Is anybody else getting similar answers? Can the intructor please verify the answers given in the homework solution?

thanks

look this topic: http://book.caltech.edu/bookforum/showthread.php?t=424
there is a good discussion about these problems

[ramin]

Maybe don't forget that the expectation "integral" has a p(x) term in it, and p(x) is uniform in the interval [-1,1]

[dtyrp]

Bump for interest in question 6! And I can't access the above link that cassio posted a few years ago

I'm able to get gbar and calculate the bias correctly but calculating the variance still has me stumped.

Here's my thought process:

To calculate variance, compute the integral of (g(x) - gbar(x))^2*p(x) from x = -1 to x = 1. Do this for each hypothesis g in your your hypothesis set (I generated 1000 different g's). p(x) is the uniform distribution that produces your x-axis data points. Now the expected value of a uniform random variable from -1 to 1 is 1/(1- -1) or 1/2. So the integral you calculate for each hypothesis g is really (g(x) - gbar(x))^2/2 from -1 to 1.

Take the average of these integrals to get your variance.

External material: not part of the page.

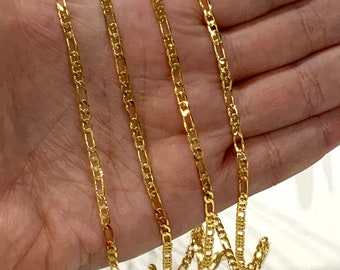 24kt Shiny Gold Plated Figaro Chain 3mm 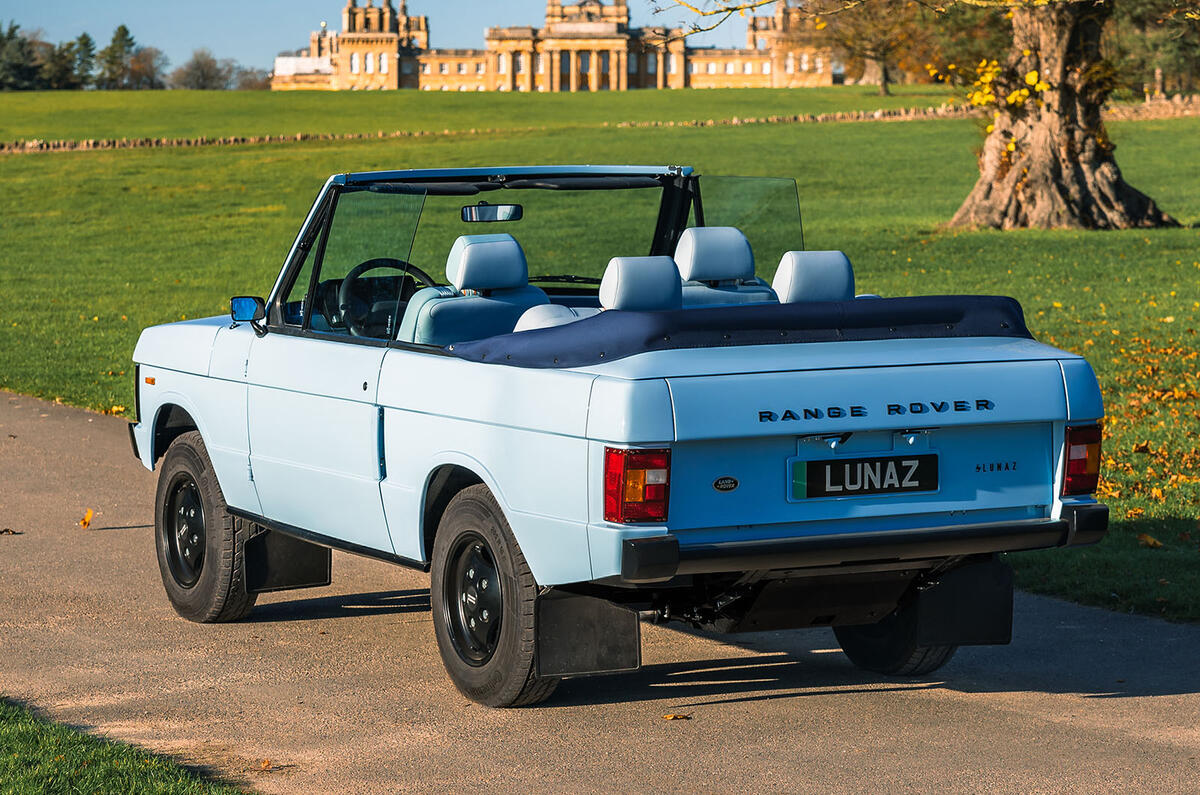 Lunaz electric Range Rover Safari rear three quarter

I'm not getting the answer so clearly my logic is wrong. Can anybody point me in the right direction?

[dtyrp]

Wow major misunderstanding/typo. The pdf of a uniform random variable from -1 to 1 is 1/2 (i.e. 1/1--1). The expected value is 1/2*(a+b) or 1/2*0, or just zero. Anyway, so adding the uniform pdf p(x) into the integral just halves the value of each integral. Still not understanding what is wrong with my logic, though.